In a few weeks time SafetyAtWorkBlog will be reporting on the Safety in Design, Engineering and Construction conference to be held in Melbourne. The conference organisers interviewed me on my thoughts on workplace safety. The interview is available HERE but you may need to provide your contact details.
The odd thing about the interview is that a safety conference organiser chose me for the interview yet I am not a speaker at the conference they are organising. IQPC is the company and the August conference in Melbourne is Safety in Design, Engineering & Construction 2011.
“It’s very nice to have you here. Now, as a commentator on safety and OHS, you’d know that there’s a lot of talk surrounding the Harmonisation process. How do you think the legislation will change the OHS landscape, and do you think there are any particular areas that will translate into normal practices across all work sites?”
“No, I think it will have a particular impact on national companies, those that operate across jurisdictions, so it will be very important to them because that’s where the cost savings are meant to be coming from by reducing the administrative duplication, but that deals with only about 5% to 10% of companies in Australia. For those companies that operate within just a single state jurisdiction, Harmonisation isn’t going to impact them overly much. There are going to be some changes to the state legislation because the national model legislation has to be implemented at each State level, so individual States will see some changes. But those changes, by and large, are not radical in terms of how safety is managed. It’s certainly a considerable shock for some companies – particularly on issues of union right of entry and prosecutions and those sorts of things – but if you have a look at the management of safety in a work site, I don’t think the Harmonisation process is going to change the way it is controlled and managed.”
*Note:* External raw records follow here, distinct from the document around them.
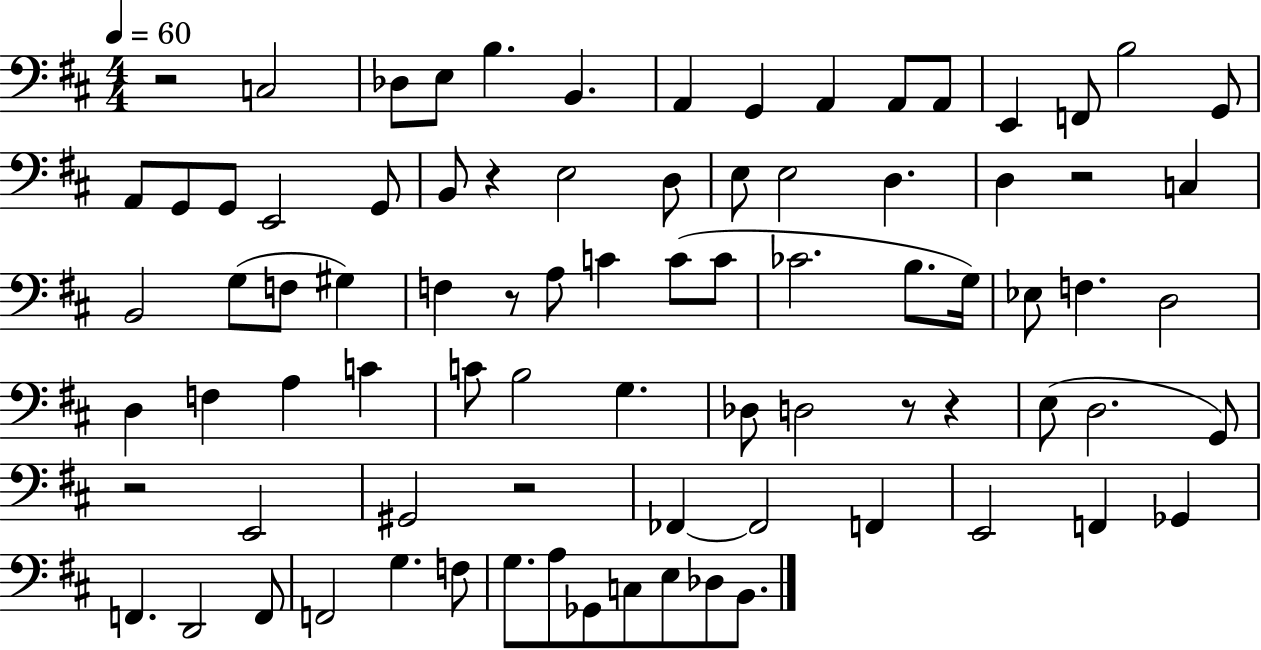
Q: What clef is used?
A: bass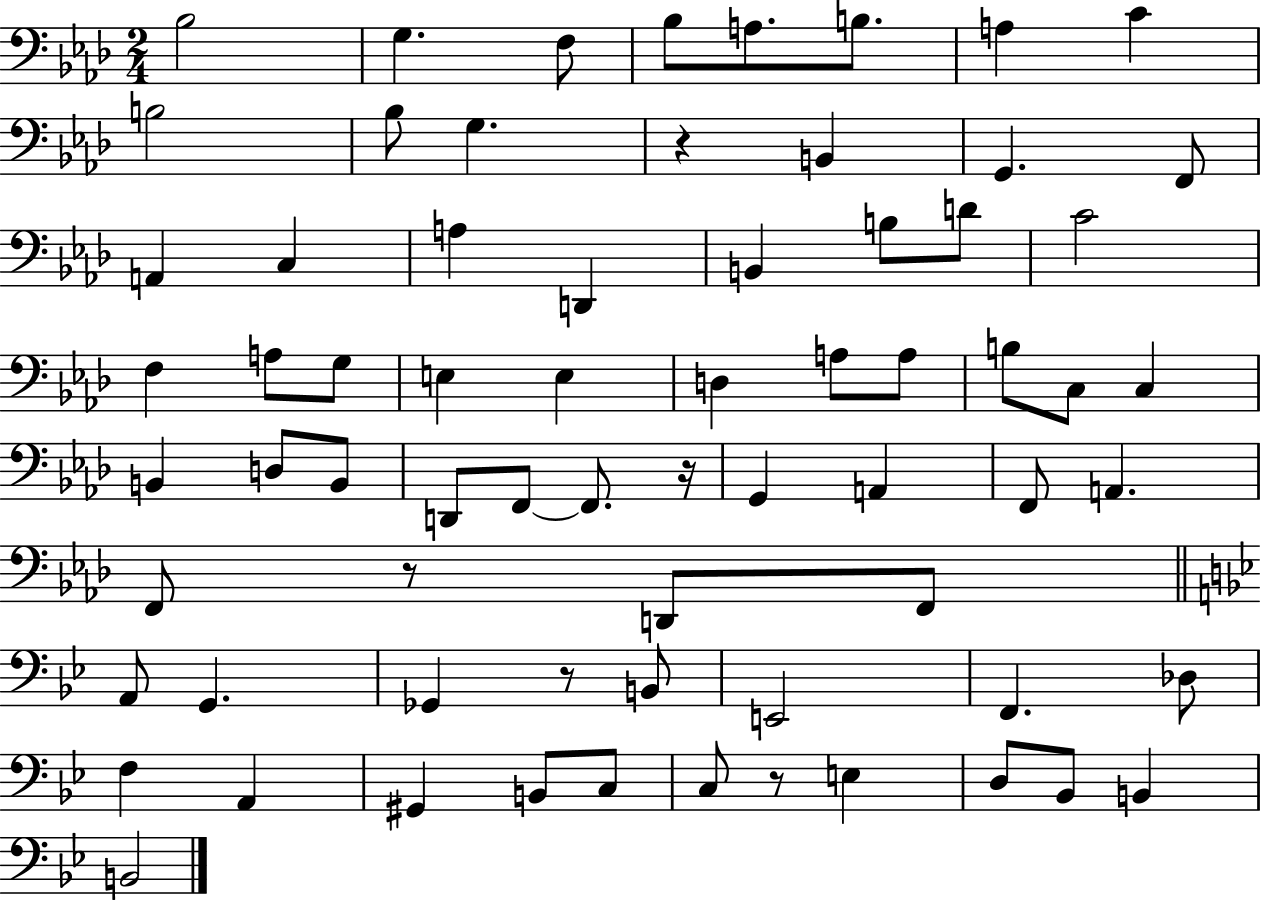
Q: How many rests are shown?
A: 5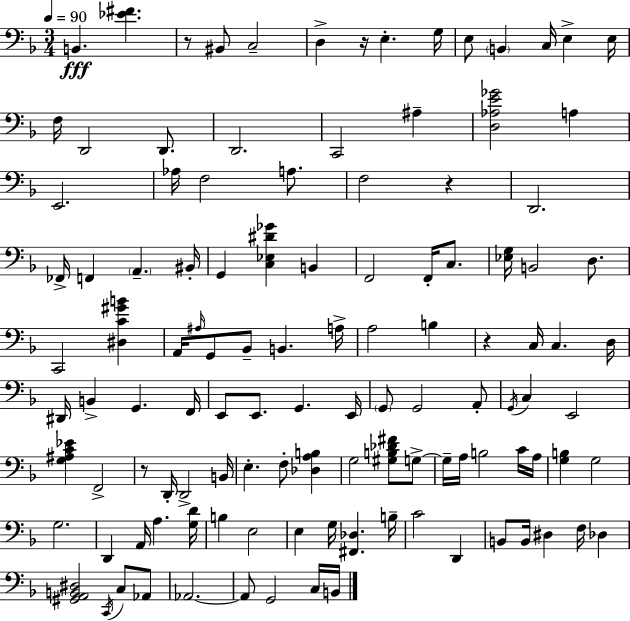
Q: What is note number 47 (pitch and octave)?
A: D3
In my experience many conferences produce a “teaser”, in audio or video, of the keynote speakers, in particular. This is intended to generate some enthusiasm for the conference in order for people to register but it also introduces speakers with whom the audience may be unfamiliar. As with any advertising it is difficult to quantify the benefits of such strategies but with the phone interview mentioned above, there is little cost other than 10 minutes of time, once the recording process is established, and so perhaps the return on investment is not of great significance.